The front outputs of the ratio-matched section has the same weight correction factor as the simple damper section (critical damping increases by the square of the weight increase). The rear outputs read the weight distribution, and spring inputs. If the spring rate balance matches the weight distribution, the outputs of both damper sections will be the same. If the rear ride rate is lower, the rear dampers of the second section will be lower, and vice versa. I’ve compressed the damper output range, applied the scaling factor to both sections, and added a toggle in the rear ratio-matched/precise outputs that falls back to the simple outputs if the rear spring input field is empty. If you’re using balanced ride frequencies you don’t need that section anyway

This is the formula for the front spring value in the first (default 1.50) Hz row:
=(E52(pi()))^2*(L1/2.204622622)/2*L2/175.126790921

Ride frequency as Hz, is=1/(2π)*√(Nm/Kg), where Nm is Newton-meters.

Solve Hz=1/(2π)√(Nm/Kg) for Nm, it becomes Nm=(Hz2π)²*Kg.

(E52(pi()))^2 is (Hz*2π)².
(L1/2.204622622) is the weight in pounds converted to Kg. /2 for one of the wheels on the axle. *L2 for weight at the front.
/175.126790921 to convert from Nm to lb-inch.

Actually, my calculator even’s out the car’s suspension, period.

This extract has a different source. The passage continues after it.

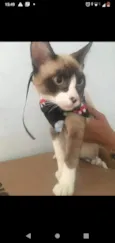 Bbs gatinhos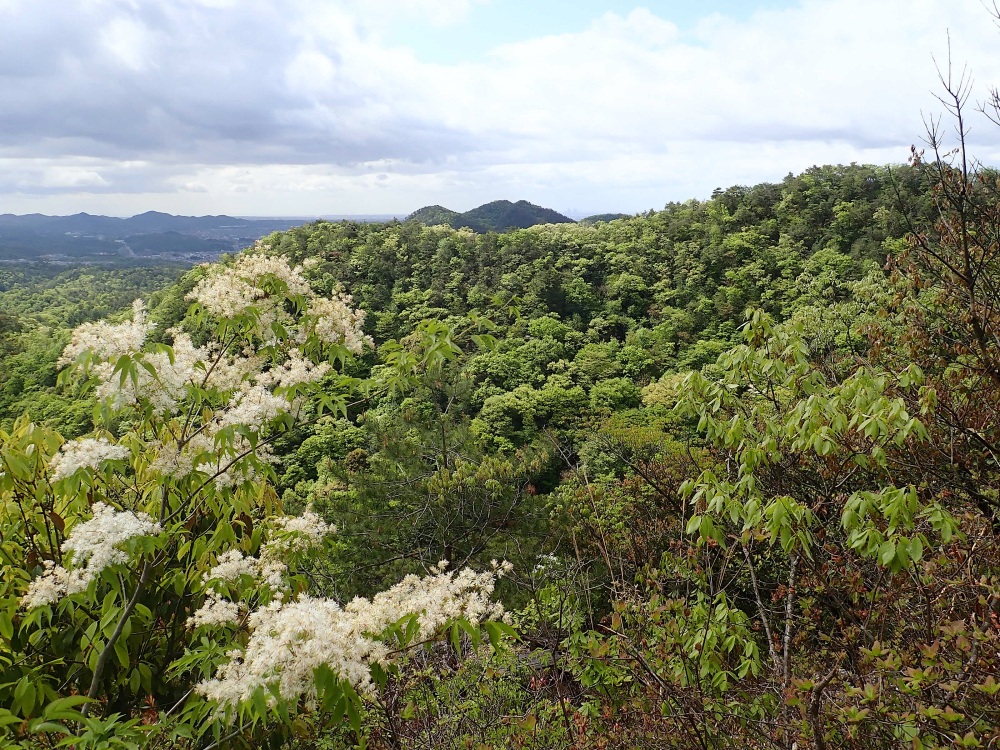 季節の花を愛でながらスケールの大きい尾根道を進む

You are using math from another game and for suspension in real life scenario. Now I see why your stuff makes absolutely no sense and the car ride I, and others, experienced from your tune.

Yes, I picked several different sections on car’s that were 53% from your sheet on the 53%, which does include scrolling over. Which explains why your entire set up was janky.

If you pay attention to my calculator, it literally even’s out the car’s suspension ratio. Which is the correct spring rate, the correct ARB, and the correct stiffness with the only one needing to be changes is the bump stiffness as I have said. It doesn’t matter much about the ride height, so that is not a factor, and it isn’t all about just drifting as it pertains to Drift, Race, and Rally suspension.

What does that mean? It means there is as little body roll as possible. Body roll can equal death in the racing and even drifting world, and in Rally, well I hope you like rolling over and flipping because that is what it will do.

The values you are pulling, are no where near equivelant to Forza. Not in the least bit because 1, Forza is a simulator and not factual. And 2, you picked a formula for a completely different game than the Forza Brand, which automatically will disqualify it for Forza because of how things are set up. Meaning the types of tuning we can do, that is why you can’t take a set up from Forza and use it on let’s say virtually any Gran Turismo game because of the difference in Tuning.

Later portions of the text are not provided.